Para reverter esse quadro, acredita a economista, será preciso uma ampla renegociação nos débitos. “Mais que isso, o planejamento financeiro terá que levar em consideração o que vem pela frente, porque comprometerá a renda futura”, afirma. Isso quer dizer que não dá para renegociar dívida e sair consumindo desesperadamente, pois, de novo, faltará dinheiro para manter todos os compromissos em dia. Do ponto de vista macroeconômico, destaca Marianne, menos consumo significa menos crescimento e demora maior para o país sair da pior recessão da história.

 

Saque do FGTS

 

O governo acredita que, a partir de março, quando começará a liberação para saques de contas inativas do Fundo de Garantia do Tempo de Serviço (FGTS), as famílias com renda inferior a 10 salários mínimos, que estão em situação mais difícil, conseguirão ver um alívio. “Não é muito o que será sacado, mas já ajudará a pagar uma conta ou outra que está atrasada”, ressalta um técnico da equipe econômica.
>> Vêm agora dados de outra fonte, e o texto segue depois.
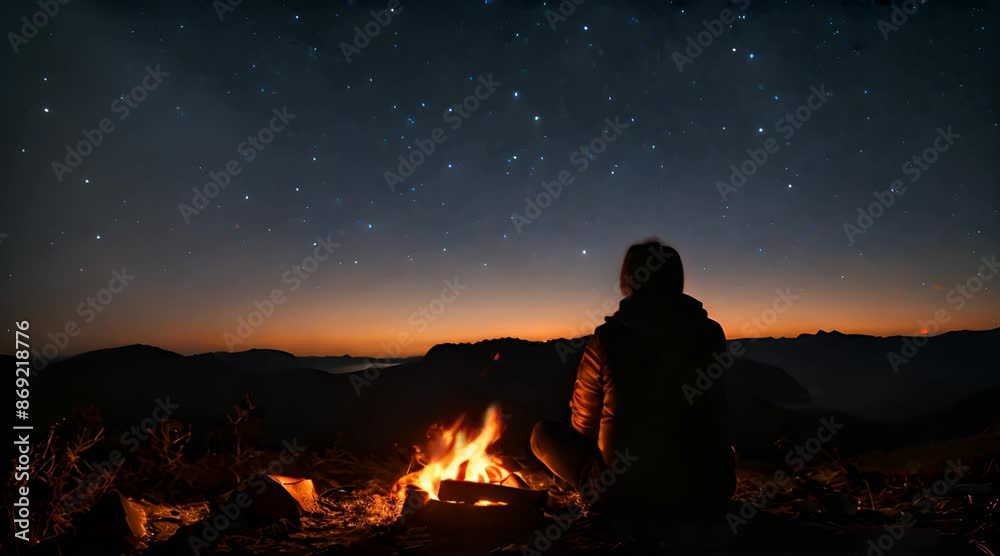 silhouette of a person in nature at night with beautiful constellations in the sky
No total, o governo prevê liberar R$ 30 bilhões com a medida.

 

“Nosso objetivo é abrir alguma frente no consumo. A demanda das famílias é importantíssima para movimentar o Produto Interno Bruto (PIB)”, assinala o mesmo técnico. Ele garante que o governo está imbuído em estimular a retomada do crescimento. “É vital até para dar sustentação ao presidente Michel Temer. As pessoas precisam ter de volta a sensação de bem-estar. Não adianta ficarmos propagando a queda dos juros e da inflação se isso não for captado na vida real. Entre o discurso e a prática, há uma longa distância”, conclui.